- The paper introduces a novel ℓ1/ℓr decoding algorithm for secure state estimation, establishing conditions for maximal resilience at ⌈p/2 - 1⌉ errors.
- It demonstrates that separating estimation from state-feedback control enables resilient system stabilization despite adversarial sensor and actuator attacks.
- Numerical simulations on synthetic models and an IEEE 14-bus power network confirm the practical viability of the proposed robust algorithms.
Secure Estimation and Control for Cyber-Physical Systems under Adversarial Attacks
The paper "Secure estimation and control for cyber-physical systems under adversarial attacks" by Hamza Fawzi, Paulo Tabuada, and Suhas Diggavi addresses critical issues related to the resilience of control systems in the presence of sensor and actuator attacks. In the landscape of modern, increasingly decentralized control systems, the susceptibility to adversarial attacks is a significant concern, necessitating robust methodologies for secure estimation and control.
Estimation Problem
The initial focus of this paper is on characterizing and enhancing the resilience of linear systems against attacks on sensors. The estimation problem is framed within the context of determining the maximum number of sensor attacks that a system can withstand while still enabling accurate state estimation. A key contribution in this regard is the introduction of a novel decoding algorithm inspired by error-correction over the reals and compressed sensing techniques.
The paper rigorously characterizes the resilience of the system by defining resilience conditions and establishing bounds on the number of correctable errors. Proposition 2 presents a necessary and sufficient condition: for all nonzero vectors z, the union of the supports of Cz,CAz,…,CAT−1z must be sufficiently large to tolerate the given number of attacks. Notably, the paper asserts that for almost all systems (i.e., for a full-measure set of system parameterizations), the resilience is maximized at ⌈p/2−1⌉ errors, highlighting the robustness of the proposed decoding method.
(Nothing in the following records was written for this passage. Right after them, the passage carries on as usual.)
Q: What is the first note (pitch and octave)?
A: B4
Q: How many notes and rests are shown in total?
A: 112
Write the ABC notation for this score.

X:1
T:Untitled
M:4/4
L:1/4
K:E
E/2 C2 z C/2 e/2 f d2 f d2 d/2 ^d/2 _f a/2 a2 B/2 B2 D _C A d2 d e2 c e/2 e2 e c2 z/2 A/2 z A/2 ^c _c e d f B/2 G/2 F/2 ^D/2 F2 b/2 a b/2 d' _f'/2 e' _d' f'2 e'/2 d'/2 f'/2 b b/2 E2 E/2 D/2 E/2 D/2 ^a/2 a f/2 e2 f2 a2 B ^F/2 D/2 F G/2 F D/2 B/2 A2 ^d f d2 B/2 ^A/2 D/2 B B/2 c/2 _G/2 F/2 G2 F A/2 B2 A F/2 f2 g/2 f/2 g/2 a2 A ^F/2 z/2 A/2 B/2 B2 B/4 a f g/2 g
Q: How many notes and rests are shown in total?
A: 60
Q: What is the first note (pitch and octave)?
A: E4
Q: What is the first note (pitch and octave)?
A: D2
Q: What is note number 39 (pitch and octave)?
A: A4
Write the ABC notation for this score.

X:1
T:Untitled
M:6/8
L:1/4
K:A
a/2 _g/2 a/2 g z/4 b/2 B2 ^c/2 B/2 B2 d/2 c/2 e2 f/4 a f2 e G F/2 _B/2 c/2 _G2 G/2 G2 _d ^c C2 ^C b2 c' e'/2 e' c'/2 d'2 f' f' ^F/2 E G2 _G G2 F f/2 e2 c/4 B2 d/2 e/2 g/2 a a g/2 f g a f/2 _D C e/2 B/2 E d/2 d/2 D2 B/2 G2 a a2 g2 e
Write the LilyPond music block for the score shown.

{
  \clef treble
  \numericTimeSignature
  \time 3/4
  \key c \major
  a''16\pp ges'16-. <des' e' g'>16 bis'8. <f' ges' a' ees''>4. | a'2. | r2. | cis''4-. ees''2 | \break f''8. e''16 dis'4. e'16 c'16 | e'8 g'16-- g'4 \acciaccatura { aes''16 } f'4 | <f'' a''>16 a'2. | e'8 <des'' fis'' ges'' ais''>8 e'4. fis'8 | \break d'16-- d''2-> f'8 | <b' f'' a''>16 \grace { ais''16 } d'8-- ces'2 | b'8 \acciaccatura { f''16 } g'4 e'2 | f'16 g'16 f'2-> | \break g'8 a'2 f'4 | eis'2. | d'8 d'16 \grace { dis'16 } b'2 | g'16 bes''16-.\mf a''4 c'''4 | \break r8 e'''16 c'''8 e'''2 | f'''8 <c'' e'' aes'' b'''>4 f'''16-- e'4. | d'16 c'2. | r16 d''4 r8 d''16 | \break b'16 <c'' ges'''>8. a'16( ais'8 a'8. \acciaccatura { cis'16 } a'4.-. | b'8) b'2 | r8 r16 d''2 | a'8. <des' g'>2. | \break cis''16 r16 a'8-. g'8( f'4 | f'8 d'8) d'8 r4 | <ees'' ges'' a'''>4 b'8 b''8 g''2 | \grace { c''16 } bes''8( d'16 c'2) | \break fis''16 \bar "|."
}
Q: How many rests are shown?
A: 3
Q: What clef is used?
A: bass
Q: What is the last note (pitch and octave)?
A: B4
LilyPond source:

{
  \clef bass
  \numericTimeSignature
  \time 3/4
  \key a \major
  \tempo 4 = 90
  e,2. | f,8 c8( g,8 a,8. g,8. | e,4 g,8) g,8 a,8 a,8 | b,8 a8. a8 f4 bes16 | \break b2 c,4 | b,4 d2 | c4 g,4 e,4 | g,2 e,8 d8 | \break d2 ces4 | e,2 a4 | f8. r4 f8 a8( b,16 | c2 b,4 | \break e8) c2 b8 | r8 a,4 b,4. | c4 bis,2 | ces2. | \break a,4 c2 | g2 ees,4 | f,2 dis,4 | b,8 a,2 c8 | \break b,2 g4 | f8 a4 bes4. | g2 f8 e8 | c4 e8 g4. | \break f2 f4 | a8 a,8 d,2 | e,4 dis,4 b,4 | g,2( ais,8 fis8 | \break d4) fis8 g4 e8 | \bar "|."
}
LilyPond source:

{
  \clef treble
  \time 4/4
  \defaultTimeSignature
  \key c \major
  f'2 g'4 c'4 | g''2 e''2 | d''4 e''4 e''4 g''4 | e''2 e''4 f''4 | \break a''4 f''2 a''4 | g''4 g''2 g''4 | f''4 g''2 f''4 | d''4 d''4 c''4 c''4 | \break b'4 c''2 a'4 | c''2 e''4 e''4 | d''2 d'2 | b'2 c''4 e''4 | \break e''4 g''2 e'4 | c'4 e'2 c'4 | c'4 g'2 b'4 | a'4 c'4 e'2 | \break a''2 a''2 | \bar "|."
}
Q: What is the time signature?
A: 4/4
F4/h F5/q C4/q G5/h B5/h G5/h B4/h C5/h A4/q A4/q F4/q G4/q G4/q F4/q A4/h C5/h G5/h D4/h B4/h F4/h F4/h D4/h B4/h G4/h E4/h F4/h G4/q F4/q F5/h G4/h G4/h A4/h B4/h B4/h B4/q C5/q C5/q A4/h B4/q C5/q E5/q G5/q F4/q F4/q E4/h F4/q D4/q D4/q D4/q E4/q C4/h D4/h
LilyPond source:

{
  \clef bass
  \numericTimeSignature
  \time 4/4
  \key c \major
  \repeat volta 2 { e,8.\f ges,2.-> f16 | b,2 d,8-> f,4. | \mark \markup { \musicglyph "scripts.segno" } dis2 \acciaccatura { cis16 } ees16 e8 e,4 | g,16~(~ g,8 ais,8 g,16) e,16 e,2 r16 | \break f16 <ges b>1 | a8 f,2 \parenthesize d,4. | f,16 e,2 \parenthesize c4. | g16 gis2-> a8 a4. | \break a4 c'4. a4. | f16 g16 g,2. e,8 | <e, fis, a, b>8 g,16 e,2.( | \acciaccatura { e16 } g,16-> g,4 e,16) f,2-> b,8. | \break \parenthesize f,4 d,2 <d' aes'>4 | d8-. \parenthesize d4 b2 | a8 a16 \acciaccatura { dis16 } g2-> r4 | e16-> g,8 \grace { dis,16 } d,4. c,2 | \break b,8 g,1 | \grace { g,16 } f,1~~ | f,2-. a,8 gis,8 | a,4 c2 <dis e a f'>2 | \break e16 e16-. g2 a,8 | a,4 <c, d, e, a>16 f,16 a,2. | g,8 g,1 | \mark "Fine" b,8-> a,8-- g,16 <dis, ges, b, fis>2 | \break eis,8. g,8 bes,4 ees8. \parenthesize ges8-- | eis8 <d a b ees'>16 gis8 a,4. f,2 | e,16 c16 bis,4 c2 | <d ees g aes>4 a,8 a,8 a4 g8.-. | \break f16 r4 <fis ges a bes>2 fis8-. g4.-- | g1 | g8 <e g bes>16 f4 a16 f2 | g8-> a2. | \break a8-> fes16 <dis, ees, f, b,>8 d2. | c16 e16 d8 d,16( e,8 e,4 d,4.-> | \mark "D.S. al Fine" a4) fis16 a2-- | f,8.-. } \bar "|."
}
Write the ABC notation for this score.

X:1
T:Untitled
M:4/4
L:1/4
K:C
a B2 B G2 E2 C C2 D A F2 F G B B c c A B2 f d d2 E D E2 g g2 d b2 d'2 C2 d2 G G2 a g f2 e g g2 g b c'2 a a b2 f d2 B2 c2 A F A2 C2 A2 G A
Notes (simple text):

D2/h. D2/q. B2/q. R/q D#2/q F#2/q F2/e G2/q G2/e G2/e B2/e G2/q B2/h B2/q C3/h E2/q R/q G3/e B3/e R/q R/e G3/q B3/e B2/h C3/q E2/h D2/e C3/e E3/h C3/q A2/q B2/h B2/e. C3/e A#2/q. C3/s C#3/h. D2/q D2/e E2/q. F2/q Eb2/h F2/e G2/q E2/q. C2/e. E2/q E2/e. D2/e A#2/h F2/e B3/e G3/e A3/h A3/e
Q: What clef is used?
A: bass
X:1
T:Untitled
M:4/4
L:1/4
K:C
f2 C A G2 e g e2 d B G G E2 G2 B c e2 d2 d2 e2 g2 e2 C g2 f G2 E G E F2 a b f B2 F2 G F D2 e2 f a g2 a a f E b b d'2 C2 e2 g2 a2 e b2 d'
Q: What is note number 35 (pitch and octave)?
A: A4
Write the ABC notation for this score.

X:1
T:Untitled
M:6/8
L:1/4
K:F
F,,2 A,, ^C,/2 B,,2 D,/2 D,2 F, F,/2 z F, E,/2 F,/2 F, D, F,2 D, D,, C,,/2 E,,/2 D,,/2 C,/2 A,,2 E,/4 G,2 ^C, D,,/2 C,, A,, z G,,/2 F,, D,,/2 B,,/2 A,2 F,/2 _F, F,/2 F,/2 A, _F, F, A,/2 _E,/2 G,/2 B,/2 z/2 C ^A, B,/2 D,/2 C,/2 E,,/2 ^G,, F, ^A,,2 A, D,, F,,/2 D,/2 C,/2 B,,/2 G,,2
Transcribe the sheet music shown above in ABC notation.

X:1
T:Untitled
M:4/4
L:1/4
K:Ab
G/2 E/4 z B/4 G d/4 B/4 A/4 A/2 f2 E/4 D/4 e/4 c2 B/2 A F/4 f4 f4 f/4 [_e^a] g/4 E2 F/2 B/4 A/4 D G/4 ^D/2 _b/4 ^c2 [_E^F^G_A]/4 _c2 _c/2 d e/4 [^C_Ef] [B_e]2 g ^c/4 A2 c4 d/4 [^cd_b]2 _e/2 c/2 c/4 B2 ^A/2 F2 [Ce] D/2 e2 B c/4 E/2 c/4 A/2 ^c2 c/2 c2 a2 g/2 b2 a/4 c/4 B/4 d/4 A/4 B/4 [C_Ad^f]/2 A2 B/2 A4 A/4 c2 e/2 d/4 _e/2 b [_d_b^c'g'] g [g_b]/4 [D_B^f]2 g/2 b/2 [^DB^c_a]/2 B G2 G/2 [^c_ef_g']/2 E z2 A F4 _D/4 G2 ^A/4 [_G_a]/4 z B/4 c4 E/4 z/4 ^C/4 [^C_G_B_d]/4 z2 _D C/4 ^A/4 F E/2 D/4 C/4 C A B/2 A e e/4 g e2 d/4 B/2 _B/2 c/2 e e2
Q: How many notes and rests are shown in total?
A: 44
Control under State Feedback
Beyond secure estimation, the paper extends its scope to address the design of state-feedback controllers that can stabilize the system despite sensor attacks. It demonstrates that a key principle of separation between estimation and control holds; specifically, the design of resilient output-feedback controllers can be reduced to that of resilient state estimators. This principle is substantiated by a detailed analysis culminating in Proposition 7, which asserts that it's feasible to design state-feedback laws that ensure the maximum possible correctability of errors without sacrificing system performance, provided the eigenvalues of A+BK can be chosen with distinct amplitudes.
Actuator Attacks
Incorporating actuator attacks further enriches the analysis. The extended system model considers both sensor and actuator attacks, and defines resilience in this expanded scenario. Proposition 12 generalizes previous results by providing necessary and sufficient conditions for the correctability of the total number of attacks on both sensors and actuators. This is achieved through an injectivity condition on the mapping from the initial state and attack vectors to the observed outputs. The theoretical upper bound on resilience remains at ⌈p/2−1⌉, supporting the assertion with a proof of almost-sure maximality.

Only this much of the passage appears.